Extraits : «Entre 1956 et 1962, les émissaires du Fln, puis du Gpra, ont fait irruption sur la scène internationale, conjuguant l'art de la guerre et l'art de la négociation. Souvent durs, retors dans les discussions, ils se sont toujours révélés habiles à exploiter les situations. Ils ont posé les fondements de la «diplomatie à arêtes vives», creuset de la future politique étrangère de l'Algérie souveraine...» (p. 36). «Il convient de relativiser l'influence soviétique sur la diplomatie de Houari Boumediène... L'alignement officiel d'Alger sur certaines positions diplomatiques de Moscou, et réciproquement, doit être nuancé. C'est un alignement de nature idéologique, une posture souvent dépassée par un pragmatisme que le régime algérien n'a jamais négligé» (p. 218).

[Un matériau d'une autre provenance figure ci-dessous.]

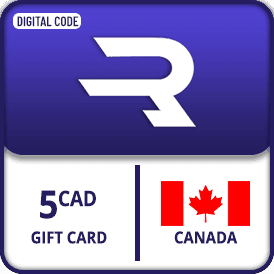 Rewarble Super Gift Card Canada CAD $5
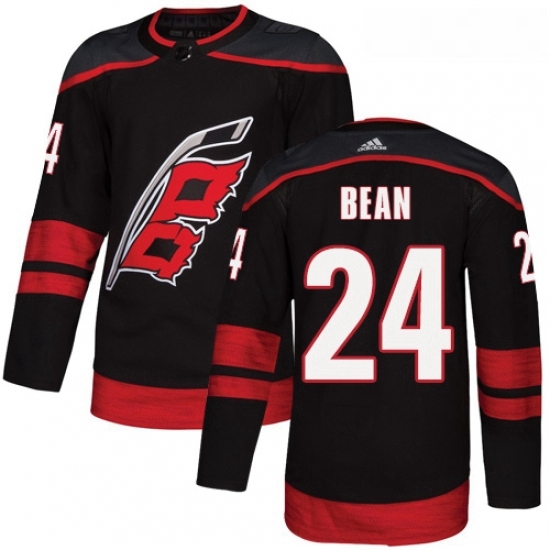 Youth Adidas Carolina Hurricanes 24 Jake Bean Premier Black Alternate NHL Jersey Youth Adidas Carolina Hurricanes 24 Jake Bean Premier Black Alternate NHL Jersey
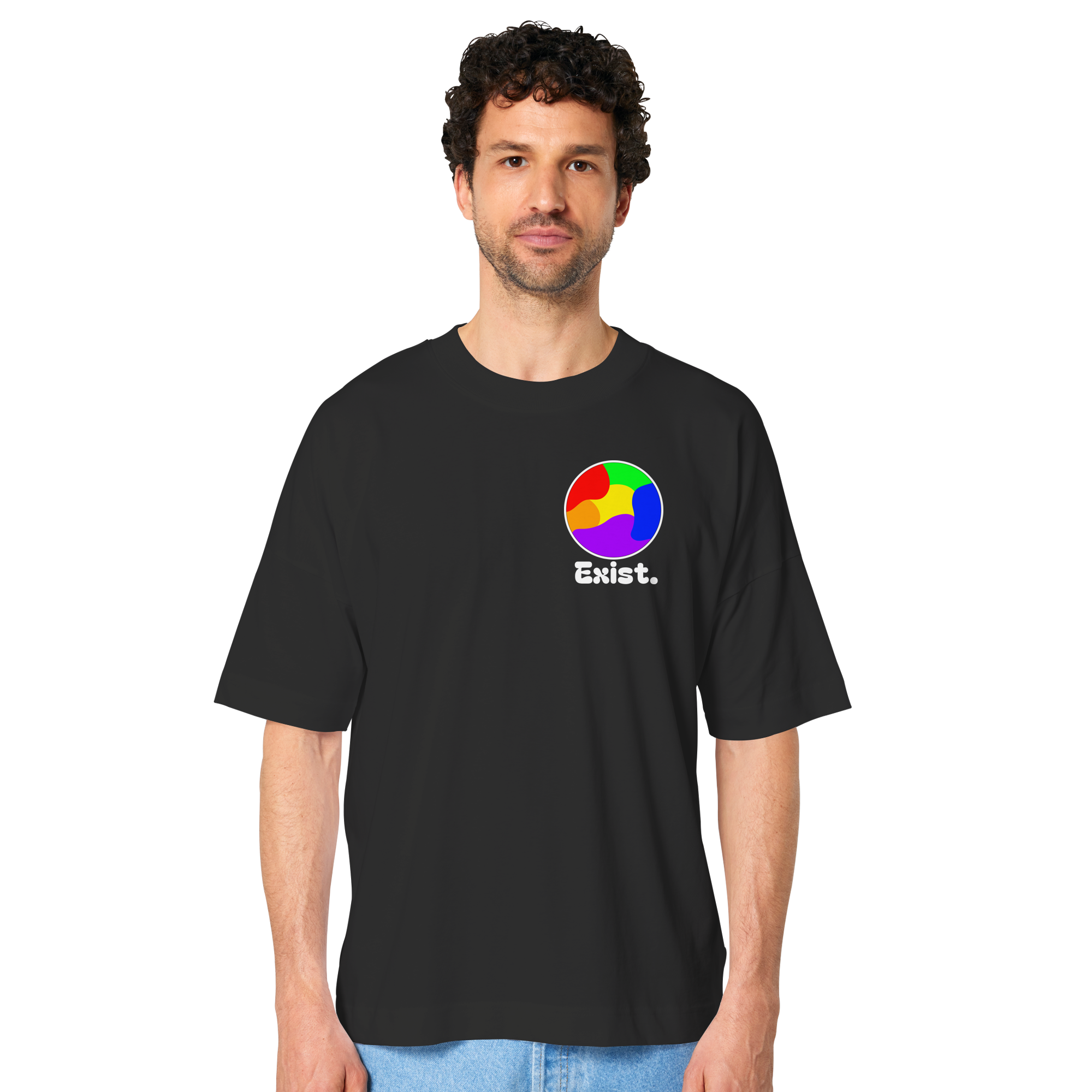 Exist "Pride Edition" - Organic Oversize Shirt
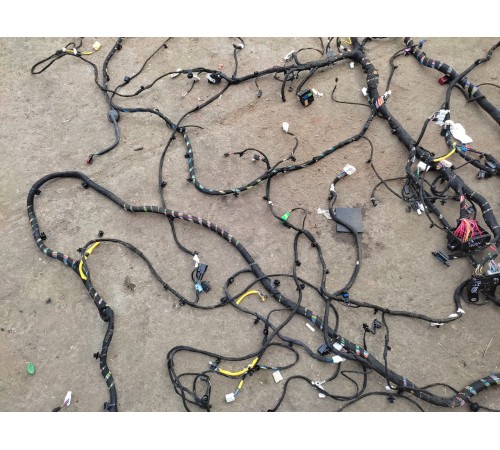 Электропроводка салона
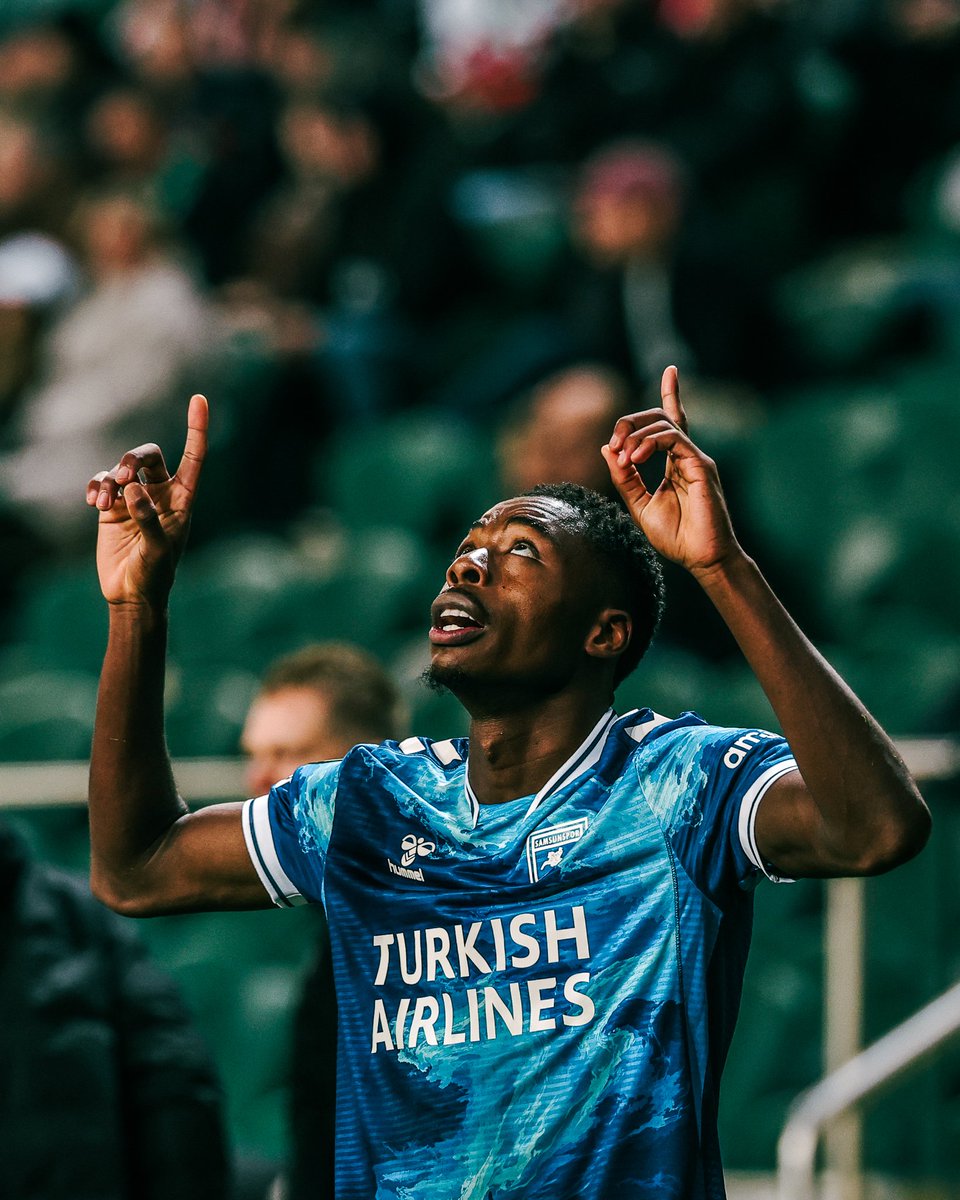 🏆🇹🇷 KAZANDIK   

MS | Legia Varşova 0-1 Samsunspor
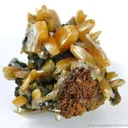 Wulfenite (Bipyramidal) - image 1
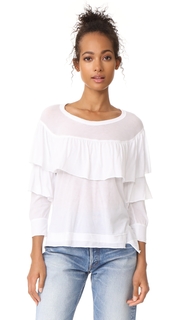 Wilt Ruffled Shifted Top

Avis : Le ministère français des Affaires étrangères et plusieurs personnalités algériennes ont mis leurs archives à la disposition de l'auteur. A lire par les anciens diplomates pour se souvenir, par les nouveaux pour apprendre, et par tous les autres pour comprendre.

Citations : «Les rapports entre Paris et Alger oscillent entre attraction et répulsion» (p. 40). «L'âge d'or de la diplomatie algérienne a été ce savant dosage entre quelques principes idéologiques obstinément revendiqués et un pragmatisme impérieux, machiavélique ou calculé» (p. 46). «Grand vieux jeune homme mince et fin, austère, secret, bourreau de travail aimant la solitude» (Portrait de Houari Boumediène par un haut fonctionnaire français, 1965, p. 73). «Dénué de scrupules, doté d'une intelligence aiguë et d'une grande ambition capable de risquer sa mise d'un seul coup, M. Bouteflika est un négociateur redoutable...» (Note de Maurice Schumann, Mae français, 1969, p. 101). «Nous n'avons aucun choix à faire entre deux colonialismes ou deux impérialismes. Nous les avons répudiés tous deux et à jamais» (Houari Boumediène, discours, extrait, 13 avril 1971, p. 121). «Pour le président Boumediène, les relations internationales sont d'abord, en toutes circonstances, un champ de force» (p. 198).